■ Collected data
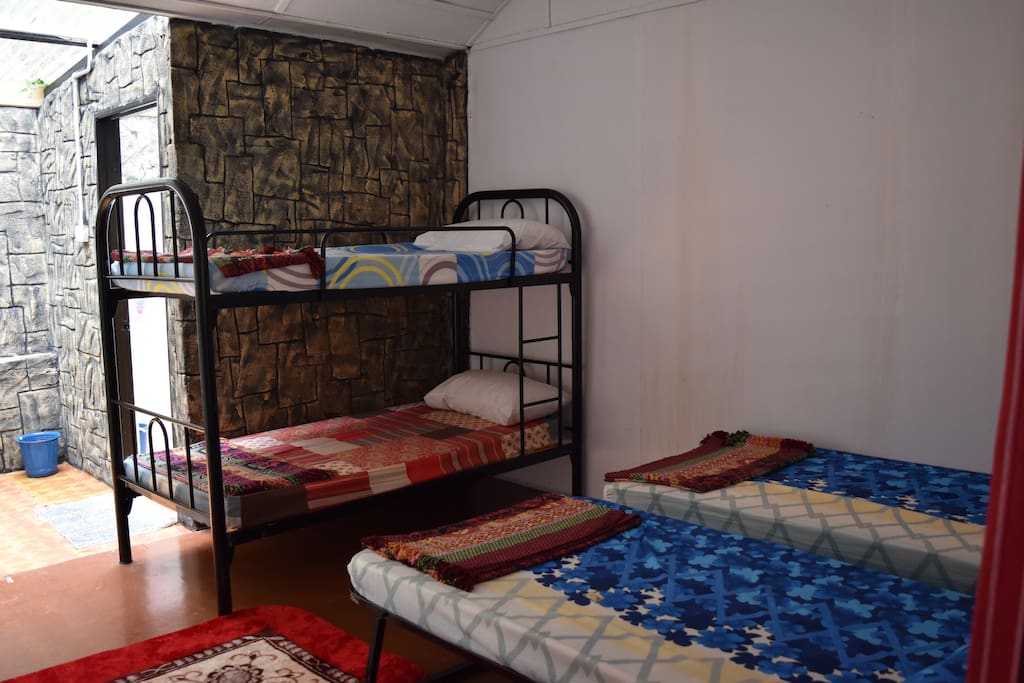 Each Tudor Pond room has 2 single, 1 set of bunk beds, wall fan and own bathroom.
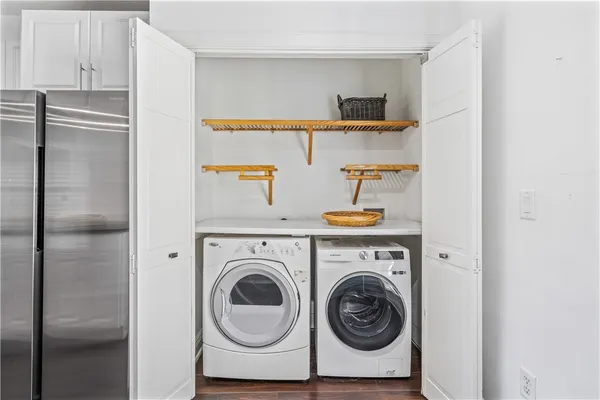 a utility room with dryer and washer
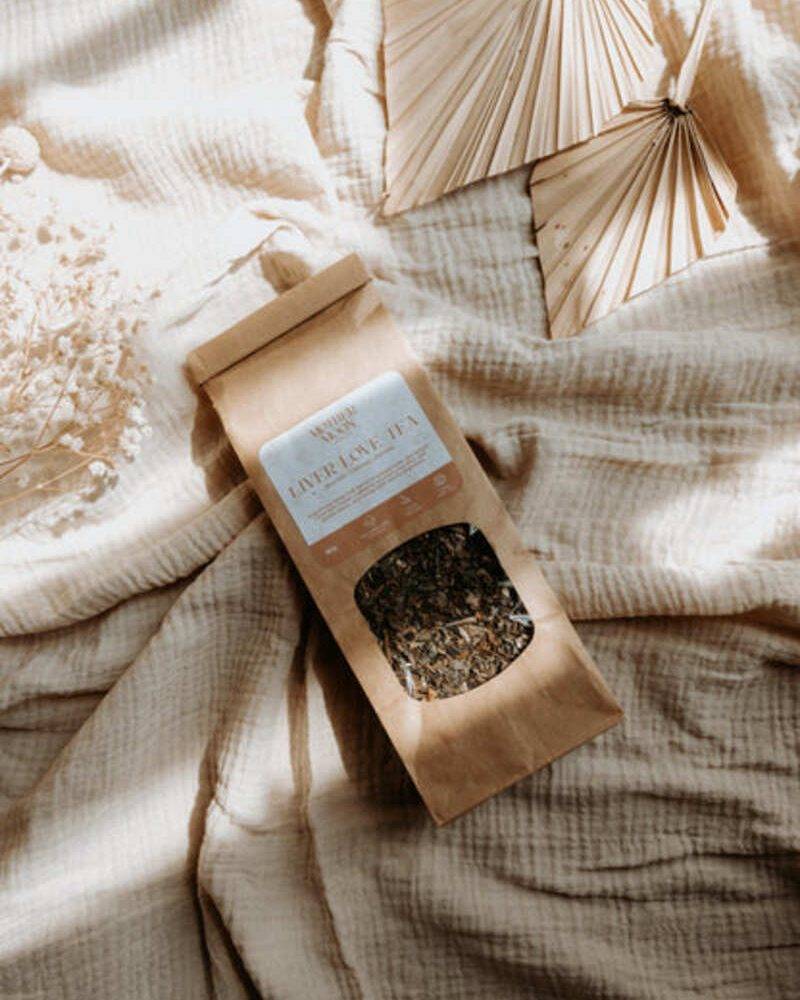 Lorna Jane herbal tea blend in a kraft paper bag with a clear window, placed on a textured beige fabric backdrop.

■ Exercise aim
Please print all the data above word for word. Pictures should not appear in the copy.

■ Exercise answer
 Each Tudor Pond room has 2 single, 1 set of bunk beds, wall fan and own bathroom.
 a utility room with dryer and washer
 Lorna Jane herbal tea blend in a kraft paper bag with a clear window, placed on a textured beige fabric backdrop.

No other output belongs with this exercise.